For me, Mumbai is Andheri West. South Mumbai is like a completely different city for me. I have to plan before going there. So, it’s something that she had a vision of. She will be the first one to tell you that I am very possessive about my scenes, and I don’t like them to get distracted by the amount of eye shadow. So, they toned it down.
In season one, Umang is staying in a one BHK house and in the second season, she is staying with Samara. Now maybe she will go back to her room. I think the issue is also that in South Bombay, they don’t have small apartments (laughs). Damini’s house is actually a furniture store! So, yes, I have complained about it. Rangita is the creator and when you are creating a show, you have a certain vision for it.
Did you ever fear alienating the audience because of the fact that money is never really an issue for these women in a city like Mumbai?
Well, Siddhi (Maanvi) definitely doesn’t have money problems. She is an entitled, spoilt brat. Anjana doesn’t have issues except when she quits her job and then she lands another job.
This is another example of how easy things come to them. She quits her job and hardly has to look out before another job comes her way. Jobs definitely don’t happen with little to none searching.

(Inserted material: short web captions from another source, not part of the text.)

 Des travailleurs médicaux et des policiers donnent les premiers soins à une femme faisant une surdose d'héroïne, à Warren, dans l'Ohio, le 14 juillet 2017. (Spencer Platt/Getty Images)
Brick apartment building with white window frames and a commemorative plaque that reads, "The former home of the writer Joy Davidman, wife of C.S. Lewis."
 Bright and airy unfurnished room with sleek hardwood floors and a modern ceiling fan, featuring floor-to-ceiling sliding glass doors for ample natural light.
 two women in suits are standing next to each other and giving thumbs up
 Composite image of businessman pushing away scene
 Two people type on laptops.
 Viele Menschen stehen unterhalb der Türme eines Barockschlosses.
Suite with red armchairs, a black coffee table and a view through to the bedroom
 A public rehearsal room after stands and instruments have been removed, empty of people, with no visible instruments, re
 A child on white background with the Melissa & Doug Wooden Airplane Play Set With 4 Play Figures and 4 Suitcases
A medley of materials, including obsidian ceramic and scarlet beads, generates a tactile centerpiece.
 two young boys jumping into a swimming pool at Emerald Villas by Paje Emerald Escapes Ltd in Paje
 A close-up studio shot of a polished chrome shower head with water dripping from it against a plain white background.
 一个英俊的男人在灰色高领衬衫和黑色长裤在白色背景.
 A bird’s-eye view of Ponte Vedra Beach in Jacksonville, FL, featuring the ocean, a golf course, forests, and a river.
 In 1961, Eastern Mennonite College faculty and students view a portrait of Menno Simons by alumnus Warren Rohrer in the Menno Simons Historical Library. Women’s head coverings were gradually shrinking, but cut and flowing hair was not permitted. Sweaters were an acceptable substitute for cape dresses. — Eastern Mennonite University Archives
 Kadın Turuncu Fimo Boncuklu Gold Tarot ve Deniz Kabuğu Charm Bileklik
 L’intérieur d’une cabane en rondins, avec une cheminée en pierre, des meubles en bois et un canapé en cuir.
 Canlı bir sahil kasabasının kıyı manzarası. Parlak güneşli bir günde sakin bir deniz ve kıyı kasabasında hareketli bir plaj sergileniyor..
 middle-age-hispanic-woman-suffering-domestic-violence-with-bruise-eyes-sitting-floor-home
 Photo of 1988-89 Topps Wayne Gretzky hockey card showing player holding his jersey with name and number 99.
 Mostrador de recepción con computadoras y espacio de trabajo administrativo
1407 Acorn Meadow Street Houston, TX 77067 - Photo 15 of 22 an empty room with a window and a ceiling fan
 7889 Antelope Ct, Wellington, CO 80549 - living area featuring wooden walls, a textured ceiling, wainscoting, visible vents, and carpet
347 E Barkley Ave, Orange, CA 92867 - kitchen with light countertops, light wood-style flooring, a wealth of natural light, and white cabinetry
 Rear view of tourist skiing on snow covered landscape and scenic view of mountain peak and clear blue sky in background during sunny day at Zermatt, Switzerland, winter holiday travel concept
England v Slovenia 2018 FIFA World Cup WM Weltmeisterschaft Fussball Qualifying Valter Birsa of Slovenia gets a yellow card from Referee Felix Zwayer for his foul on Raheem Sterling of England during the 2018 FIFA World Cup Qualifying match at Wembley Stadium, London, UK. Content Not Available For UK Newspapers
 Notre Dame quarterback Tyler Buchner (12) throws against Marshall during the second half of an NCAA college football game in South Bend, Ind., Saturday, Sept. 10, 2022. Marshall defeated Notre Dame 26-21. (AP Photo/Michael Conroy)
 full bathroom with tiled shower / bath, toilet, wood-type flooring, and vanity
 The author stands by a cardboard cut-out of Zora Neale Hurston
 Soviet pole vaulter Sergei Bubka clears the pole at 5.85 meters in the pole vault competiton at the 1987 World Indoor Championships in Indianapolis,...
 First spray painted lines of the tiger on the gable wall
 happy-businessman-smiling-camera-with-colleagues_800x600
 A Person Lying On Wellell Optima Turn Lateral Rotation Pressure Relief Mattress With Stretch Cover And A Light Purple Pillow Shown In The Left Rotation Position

Ummm… and Damini, of course, is living off her savings. Let’s see what happens with her now. How long can you live off your savings?! And when you have EMIS to give!
Yeah, and when you are going to a bar every other day!
They don’t go there every day. Each episode is spread over a month, and they are shown in the bar only once in an episode.
You earlier mentioned how the writers’ room of Four More Shots Please! was non-judgmental, courtesy the all-women team. But as a woman writing a story about women, did you fear being judged by the audience?
I believe many times the audience reacts to women having fun on-screen with a sense of scepticism. Every kind of film is made on a male protagonist, from action, comedy, romance, road trip, political or spy films. Not many movies have been made with female leads, so I think people feel that if five out of 100 series are about women, why aren’t you bringing stories that are relevant, and by that they mean stories where women have achieved something.
There are two types of stories featuring women that are common in India: One is the underdog story where an underprivileged person makes it to the top, and the other is about a woman who goes through a trauma and either seeks justice for it or avenges it. If women didn’t want to watch stories that represented other issues that we face in our daily lives, then Veere Di Wedding wouldn’t have made Rs 100 crore.
Go on…
If you see the Mindy Kaling show Never Have I Ever, it has a brown girl as the protagonist. It may not be the most path-breaking content, but it is path-breaking in the sense that it has a brown girl in the lead. I don’t think feminism should only be equated with someone struggling to achieve basic needs. Feminism is about equality.
People ask, ‘Are these issues relevant to small-town girls?’ They are because I am getting messages from small-town girls, saying, ‘I thought I was wrong about the way I thought because my parents and people around me made me think that. But I see women on your show taking decisions for themselves and living their lives their way, and I realise I wasn’t wrong.’ That’s the basic need according to me, the freedom to make a choice for yourself. Whether it’s right or wrong is secondary. But it’s important to show this on screen because men always had that freedom, women didn’t.